1285	Nit: style(9) prefers full sentences for comments, and a newline before a new comment. I would perhaps expand the comment further along the lines of: /* * Use the saved value from the most recent thread switch out to start * this counter. Reset the saved count so in case another thread from this * process switches in before any threads switch out. */ I think this still highlights a bit of a flaw in the approach though. Suppose you had a process with two threads. Suppose the reload count is N. Suppose that for whatever reason, both threads A and B always trigger N - 1 events during each "slice" between context switches. You can then have this timeline: Thread A starts with an initial count of N. Thread B starts with an initial count of N. A switches out after N - 1 events, so no sample is logged during this slice, and the saved count is set to 1. B switches out after N - 1 events, so no sample is logged either. foo: A resumes with a count of 1. This resets the saved count to N. B resumes with a count of N. A switches out after N - 1 events, (1 sample logged) and the saved count is set to 2. B switches out after N - 1 events, no samples logged, saved count set to 1. goto foo and repeat The end result in this pathological case is that B would never log any samples. I'm not sure how you can fix this apart from having per-thread saved counts. Part of the problem is that once you get in the loop, A keeps resuming with B's saved count (which is a condition that can occur in the existing algorithm as well).

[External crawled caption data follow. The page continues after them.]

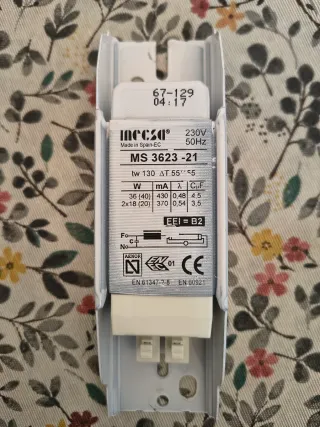 Reactancia Inecsa MS 3623-21 Balastro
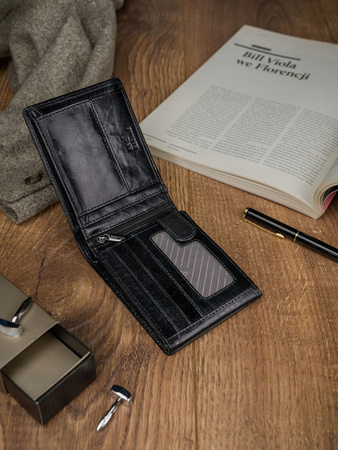 ROVICKY PC-103-BAR RFID leather wallet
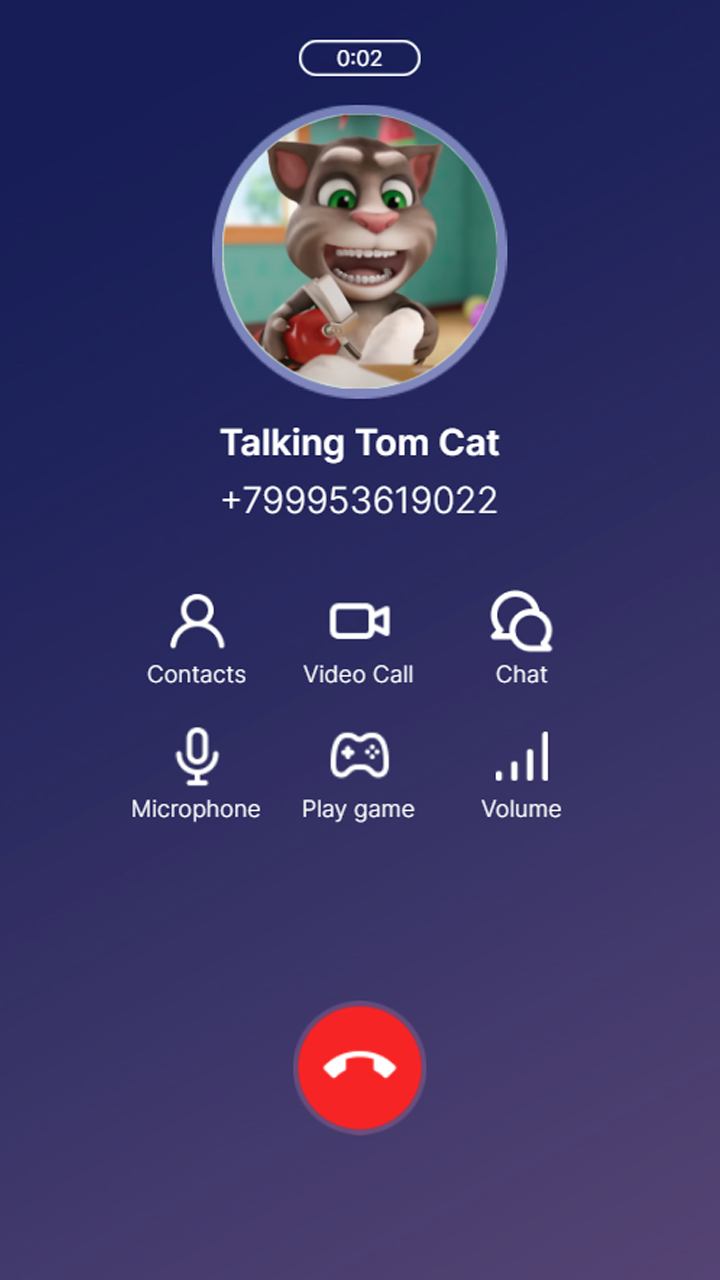 Talking Tom Cat Calls: Chat Prank, Video Call screenshot 10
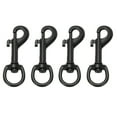 thumbnail image 1 of Uxcell 4 Pcs Clips à Pression Pivotants pour Drapeau, Crochets en Alliage Robustes de 2,7 Pouces, Noir, 1 of 6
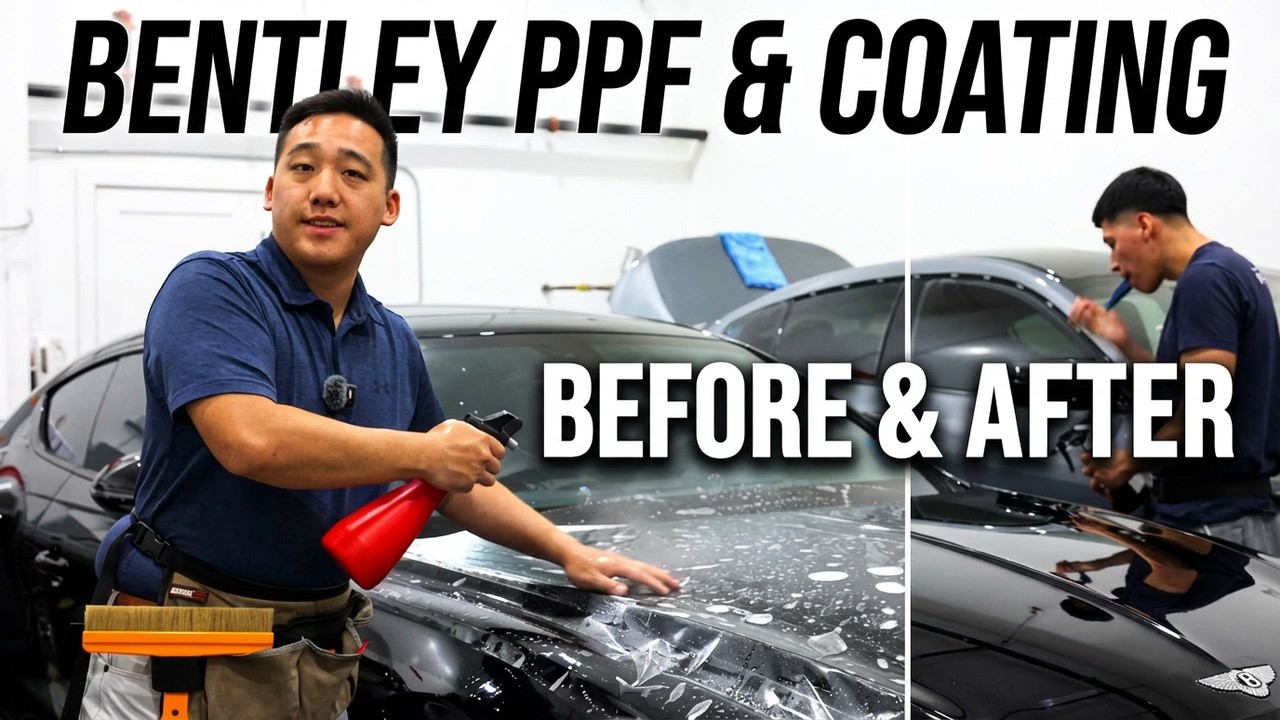 Bentley Continental PPF & Ceramic Coating Protection | Full Detailed Process &mdash; Humble Crew Auto Spa, Plano TX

1444	This is definitely clearer than the old approach, I almost made a similar change the last time I looked at this as well as the current code is non-obvious. If pp_pmcval were per-thread you'd think you could just do 'pp_pmcval = newvalue' directly.

jtl added inline comments.Nov 12 2015, 2:16 PM

sys/dev/hwpmc/hwpmc_mod.c
1279	It isn't really stale; we're still tracking this on a per-process basis. (Although, see my later comments on threads.)
1444	If pp_pmcval were per-thread ... I made this change to improve the algorithm, but I definitely think the per-thread approach is ultimately better (albeit more complex in other ways). If you'd like, I can work up such a change instead. I have a chunk of the code from another change I was considering.